Keep in mind that a year ago, the Times cut the editorial and op-ed pages of the City section after three and a half years. So, given the consolidation of the regional sections, even if there is space for editorials/op-eds (and I doubt it), there'd be less room for commentary on issues like AY.
Last week, in the Times's Talk to the Newsroom feature, a reader asked about The End of the City Section.
— Rosanne Alberts
A. I posed your question to Jodi Rudoren, the deputy metropolitan editor who will be running our new Sunday metropolitan section:
Many of us in the newsroom, too, are sad to see The City section go. The City, along with parallel weekly sections that circulate in New Jersey, Westchester, Long Island and Connecticut, had terrific ground-level neighborhood coverage, wonderful photography and interesting non-Times writers that brought different voices into our pages. That said, it always seemed a bit strange to some of us that local coverage was scattered in different places on Sundays — and that so much of it was only available in print to narrow slices of our audience.

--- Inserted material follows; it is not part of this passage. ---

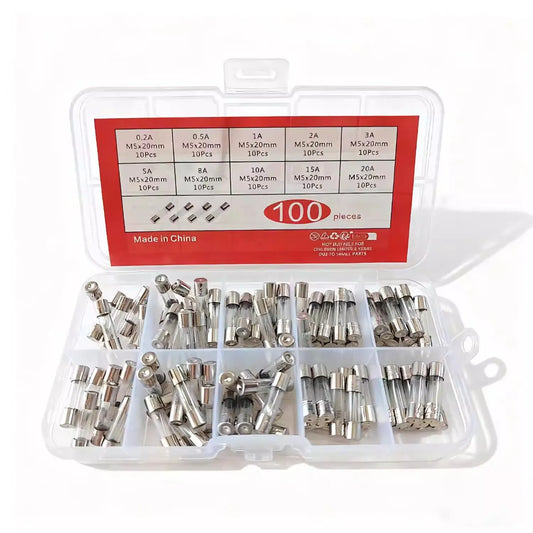 100PCS Glass Fuse Box 5*20MM 10 Different Resistances Each 10 Pieces Fuse Tube 0.2A-20A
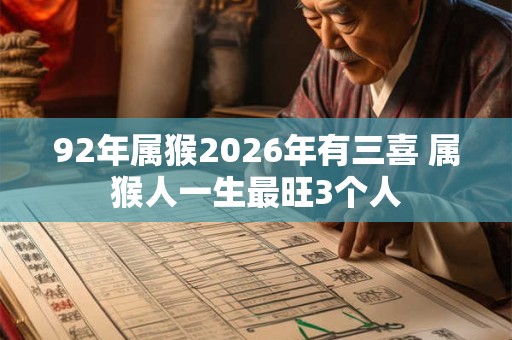 92年属猴2026年有三喜 属猴人一生最旺3个人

The decision to close these sections was driven largely by costs, but we are seizing the opportunity to invent a splashy new Sunday section that we hope will retain the best of The City and the regional weeklies while experimenting with new storytelling forms. It is conceived as a magazine-style feature section, with deep narratives and columns, as well as highly visual graphics, interviews and neighborhood guides, and will be a writing showcase for some of our biggest talents. One in 8 Million, our hugely popular audio and photo series about individual New York characters, will be migrating from the Friday paper to the new Sunday section, where it will get a bigger display. We'll also be trying out some unconventional ideas, and stretching our own boundaries a bit every week. Some of these new features will also have related content online and on City Room.
While nobody is happy to lose The City, we are quite excited about what we're creating. We hope you will become a dedicated reader. And that you will let us know what you like, what you don't, and what you'd like to see instead.
Well, I don't doubt that there will be some improvement, but, given the lower number of pages, it has to be a net loss, with a higher threshold for coverage and only "bigger" regional stories making the cut.